Nous sommes emportés dans ces turbulences terrestres et maritimes mais ce sont d’autres turbulences que nous montre aussi la chorégraphe. Relations hommes – femmes, relations amoureuses ou relations de pouvoir (beauté et pouvoir des femmes, violence des hommes), évocations de tortures (le souvenir de Pinochet est encore présent), d’exécutions (à l’appel de prénoms - Juan, Jose, Victor - un homme tombe), et le goût de la vie que chante Victor Jara (dont Pinochet a fait couper les doigts pour l’empêcher de jouer de la guitare avant de l’assassiner) : Deja la vida volar (« Laisse la vie voler »).
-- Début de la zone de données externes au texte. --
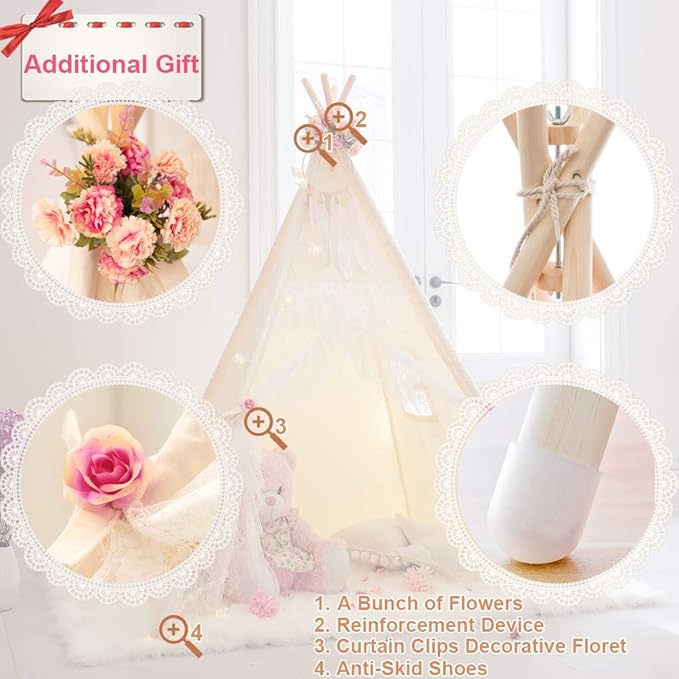 Lace Teepee Tent for Girls Tipi Tent Ivory Canvas Classic Play Tent Play House Indoors for Kids Room Décor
Pina Bausch nous montre du Chili des aspects disparates, et tente à plusieurs reprises de tendre un fil à travers le plateau : corde (tyrolienne) utilisée par un homme pour traverser un espace où une femme, attachée, ne peut le rejoindre ; écharpe en cours de tricotage passée autour du cou de deux femmes tandis qu’un homme, vêtu de laine, les regarde passer ; câble du micro que tient une danseuse entrant à cour chantant la la la quand un homme la soulève, câble qui oblige l’homme à abandonner la femme à jardin pour rapporter le micro. Décidément ces tentatives de relier les bords ne fonctionnent pas, fonctionnent moins bien que la chenille formée au milieu du plateau et qui se désolidarise tandis que les uns et les autres se regardent, surpris de ce qu’ils viennent de réaliser. Moins bien que cet alignement des femmes, couchées les unes près des autres, et faisant des gestes légers des mains et des bras, copiées par les hommes, s’installant un peu en retrait dans la même position.
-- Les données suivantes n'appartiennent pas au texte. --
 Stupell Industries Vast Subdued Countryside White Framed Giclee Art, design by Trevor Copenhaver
La durée du spectacle dépasse les habituels spectacles de danse, et on a le sentiment que les gestes des danseurs sont à tout moment nouveaux, qu’ils ne se répètent pas et qu’il y en a encore beaucoup de possibles. C’est ce possible-là, malgré les obstacles et les peurs, malgré les bourreaux humains et les soubresauts de la nature, que Pina Bausch nous fait vivre.
J’ai vu ce spectacle au Théâtre de la Ville de Paris.